### Your instructions
Images are not wanted; transcribe the rest of the listing exactly.

### Extracted records
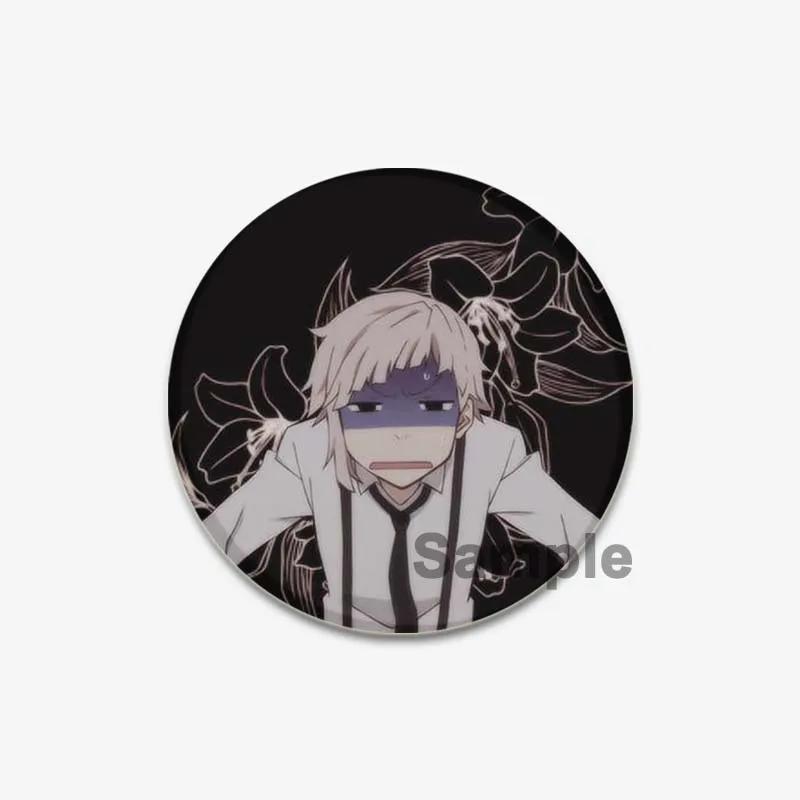 32/44/58mm Bungo Stray Dogs Pin Agency Atsushi Nakajima Dazai Osamu Soft Button Decorative Handmade Hat Badge Gift Accessory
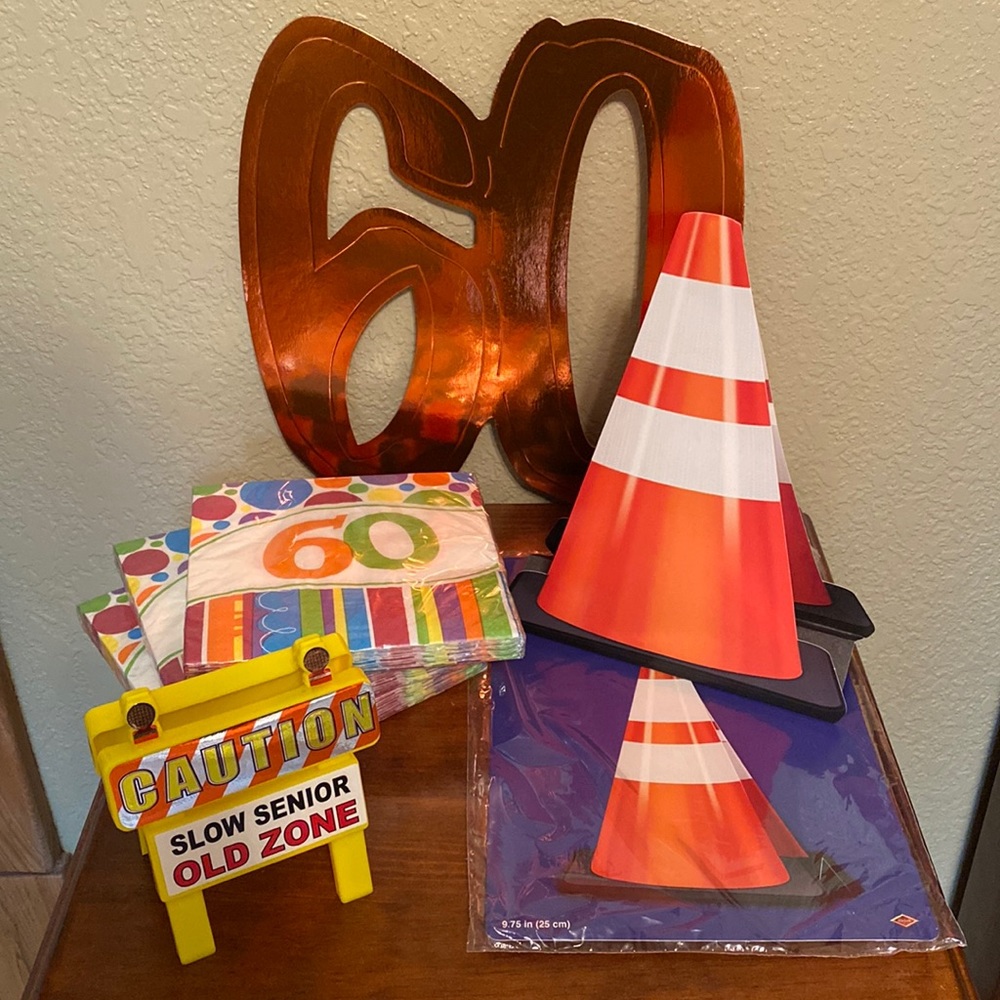 Happy Birthday Decor, 60th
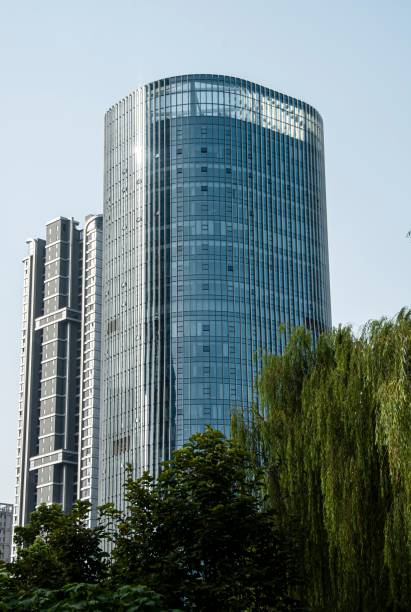 istock Modern high-rise buildings with glass facades 2170491443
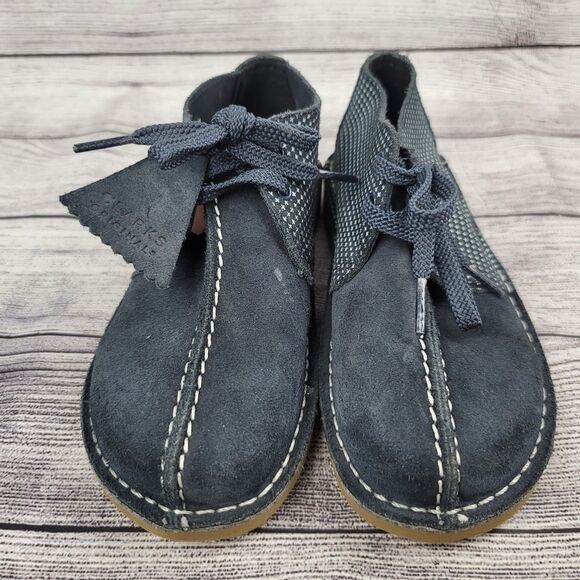 Clarks Kids Desert Trek O Navy Combi 26168043 Size 1 W - Picture 3 of 9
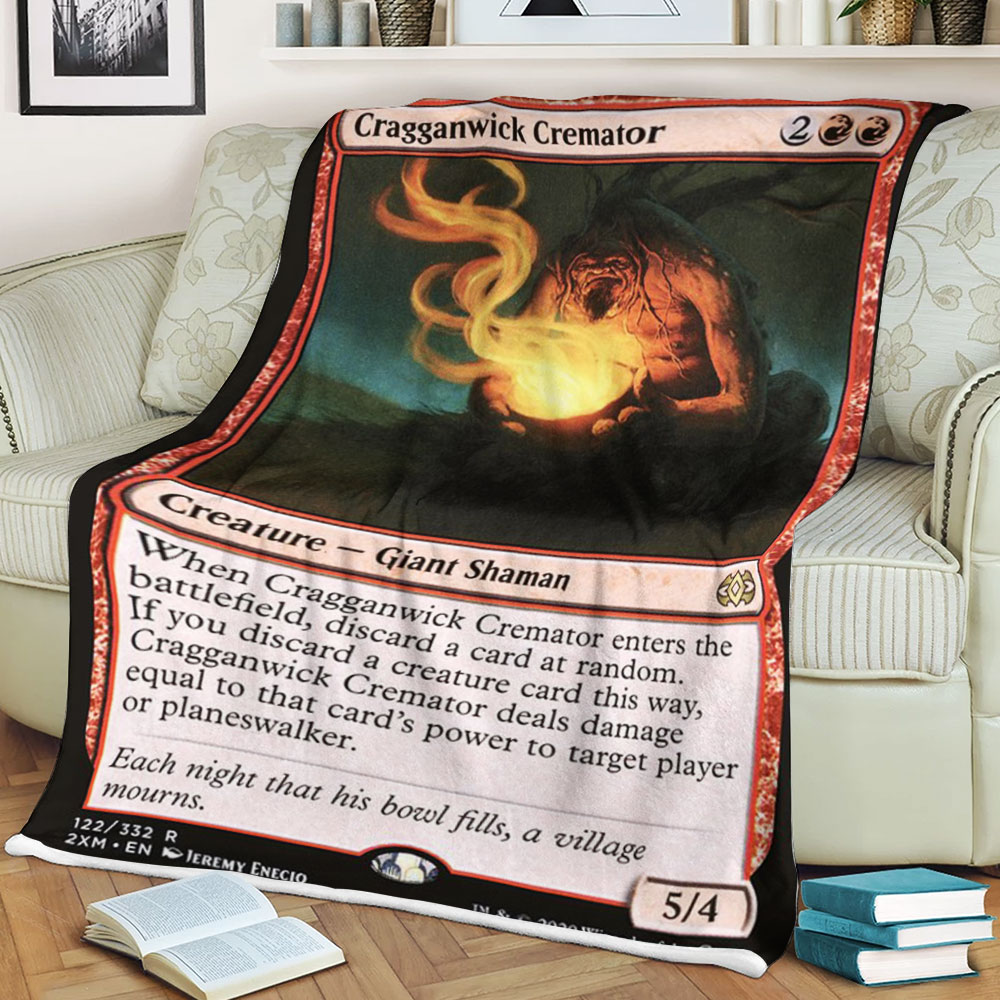 BEST Magic The Gathering Game Cragganwick Cremator Fleece Blanket 2 6198c6508a3a8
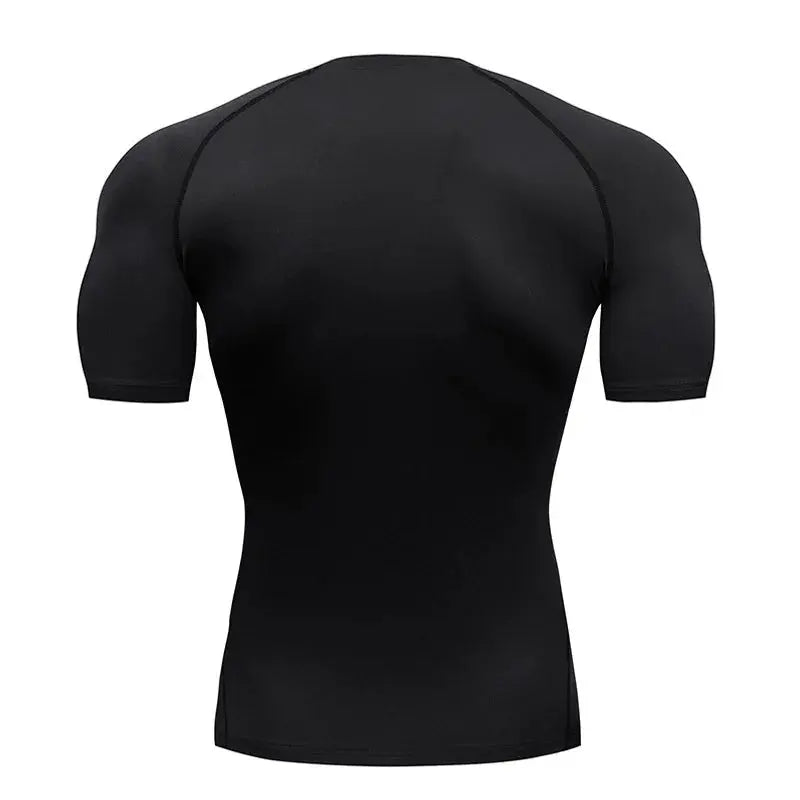 Bat Printed Men's Tight T-Shirt Running Compression Compression T Shirt Gym Fitness Jogging Short Sleeve Male Casual Shirt Tops NovaCart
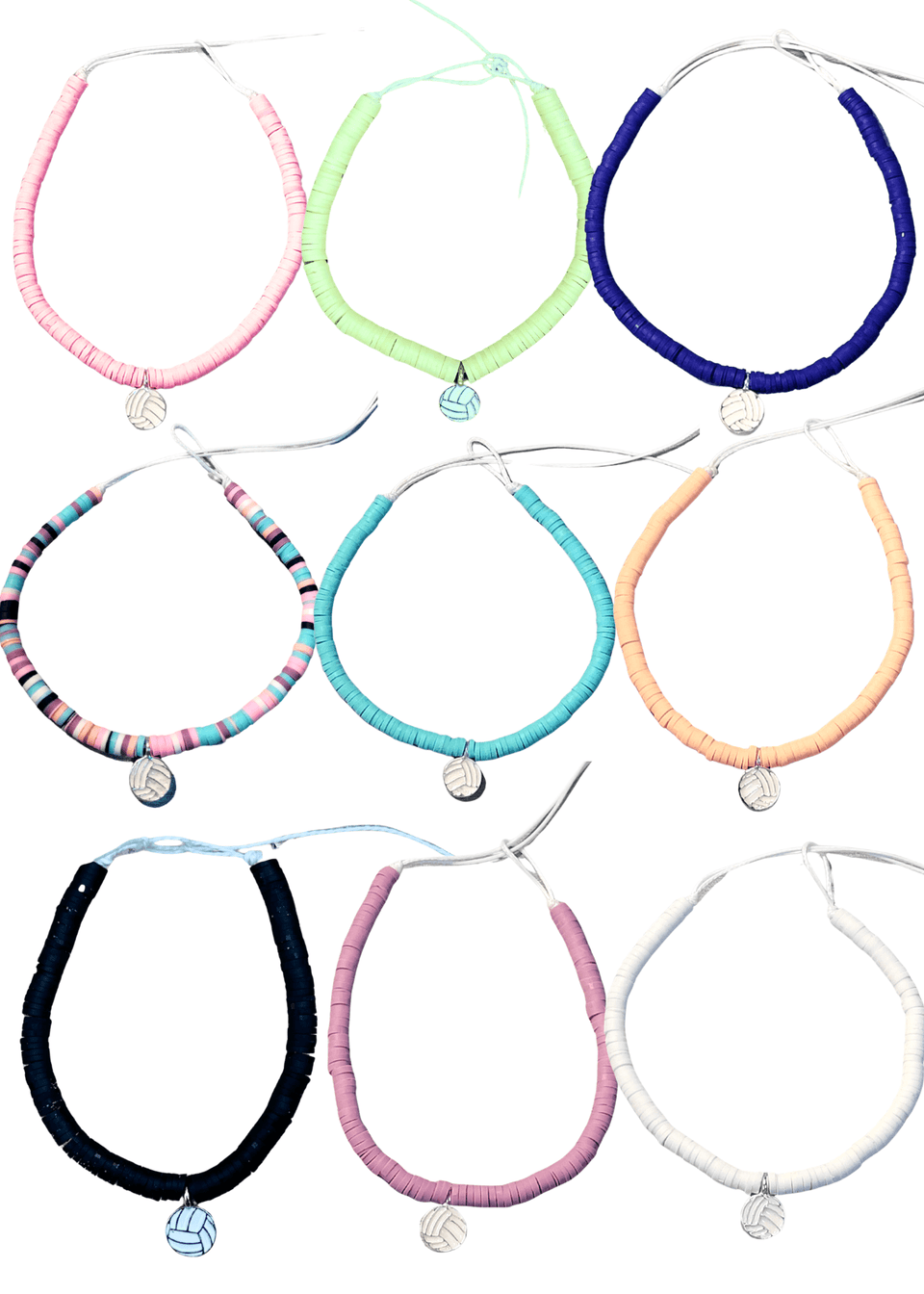 PICK YOUR COLOR! - Clay String Volleyball Bracelet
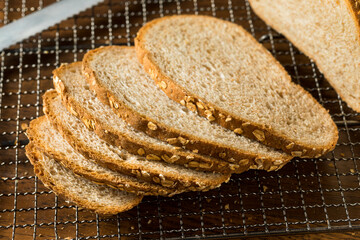 Homemade Organic Whole Wheat Sliced Bread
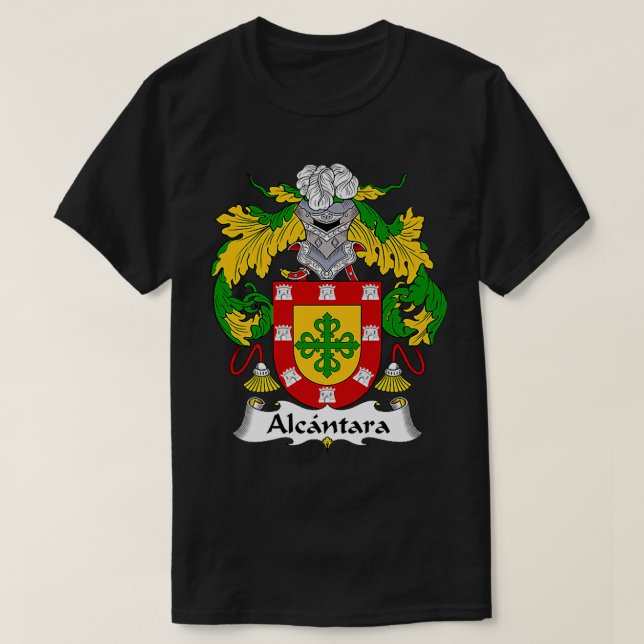Alcantara Jackar Arm Family Crest Premium T Shirt (Design framsida)
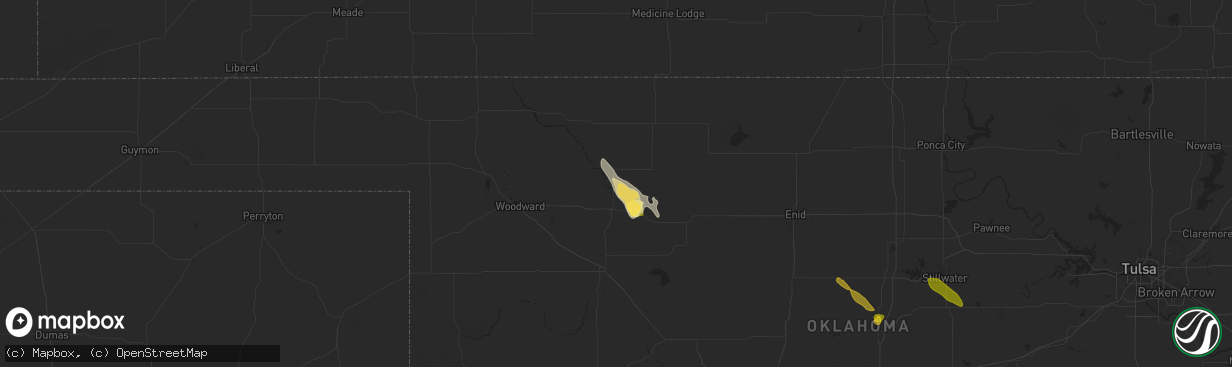 Hail map in Waynoka, OK on May 31, 2025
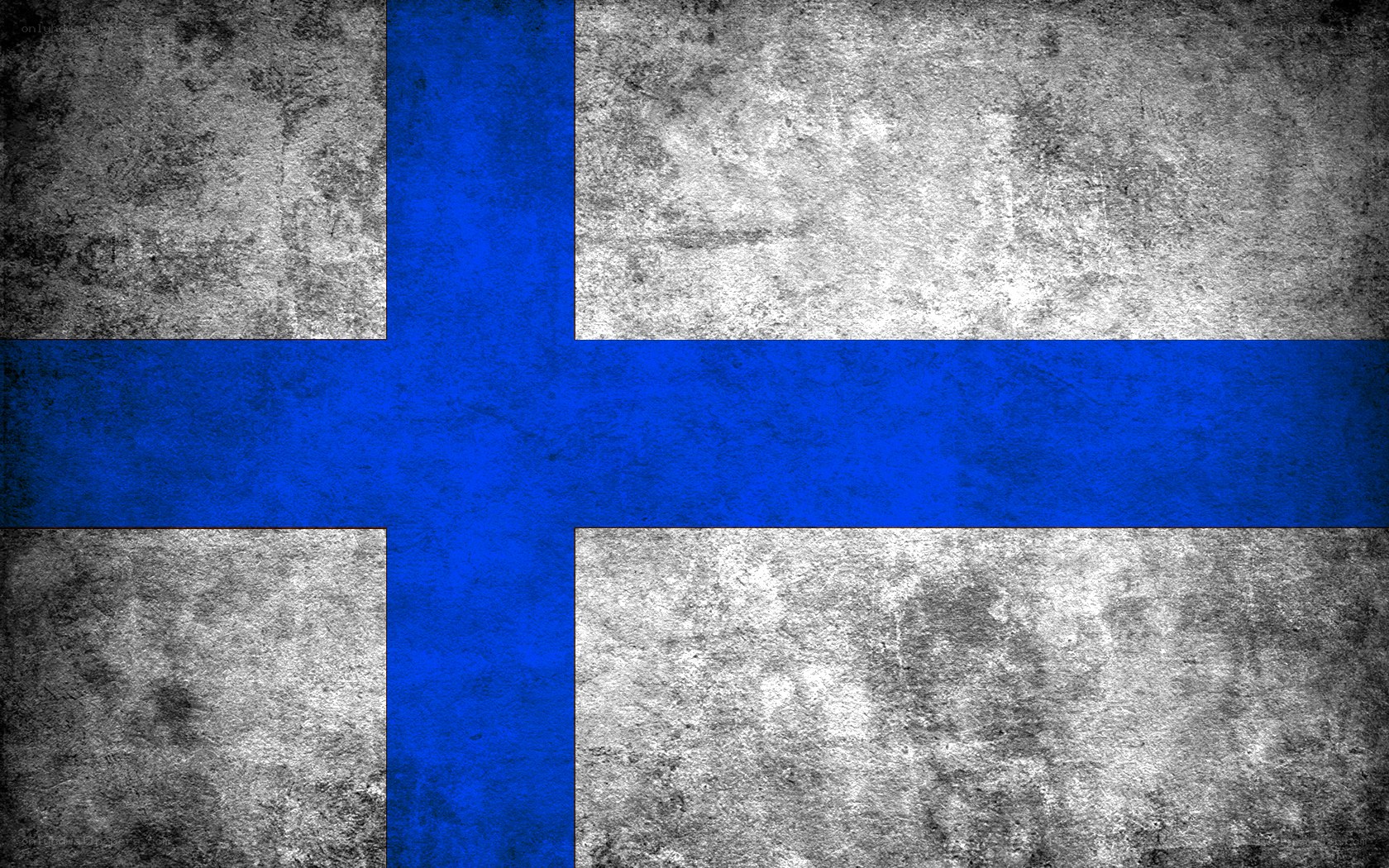 grunge finnish flag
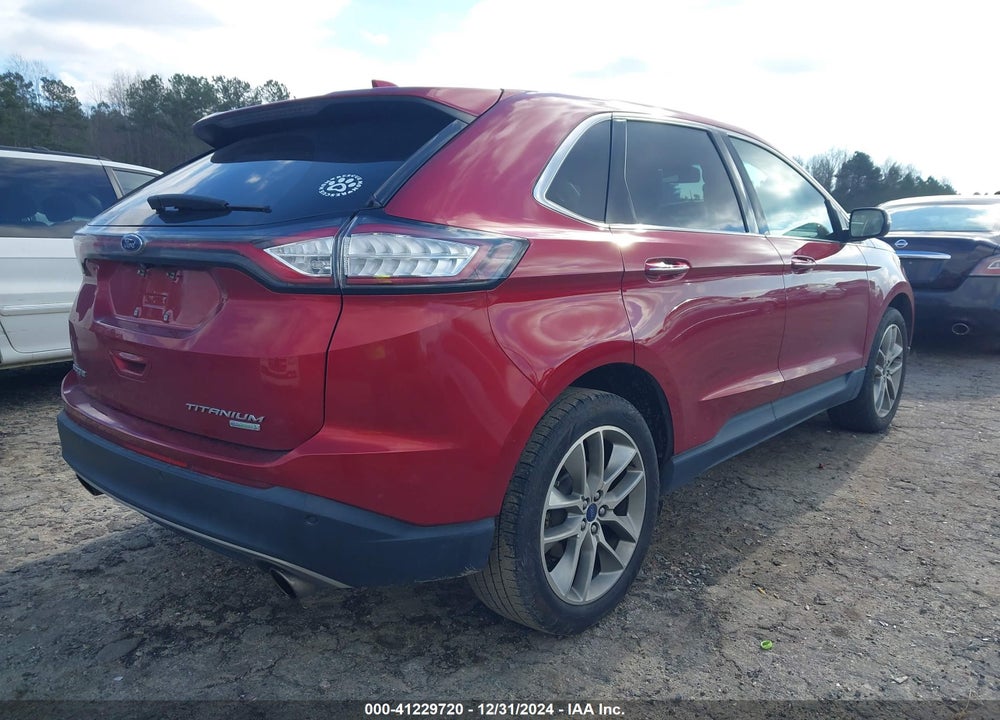 2018 FORD EDGE TITANIUM VIN: 2FMPK3K96JBB11699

### Output below
 32/44/58mm Bungo Stray Dogs Pin Agency Atsushi Nakajima Dazai Osamu Soft Button Decorative Handmade Hat Badge Gift Accessory
 Happy Birthday Decor, 60th
 istock Modern high-rise buildings with glass facades 2170491443
 Clarks Kids Desert Trek O Navy Combi 26168043 Size 1 W - Picture 3 of 9
 BEST Magic The Gathering Game Cragganwick Cremator Fleece Blanket 2 6198c6508a3a8
 Bat Printed Men's Tight T-Shirt Running Compression Compression T Shirt Gym Fitness Jogging Short Sleeve Male Casual Shirt Tops NovaCart
 PICK YOUR COLOR! - Clay String Volleyball Bracelet
 Homemade Organic Whole Wheat Sliced Bread
Alcantara Jackar Arm Family Crest Premium T Shirt (Design framsida)
 Hail map in Waynoka, OK on May 31, 2025
 grunge finnish flag
 2018 FORD EDGE TITANIUM VIN: 2FMPK3K96JBB11699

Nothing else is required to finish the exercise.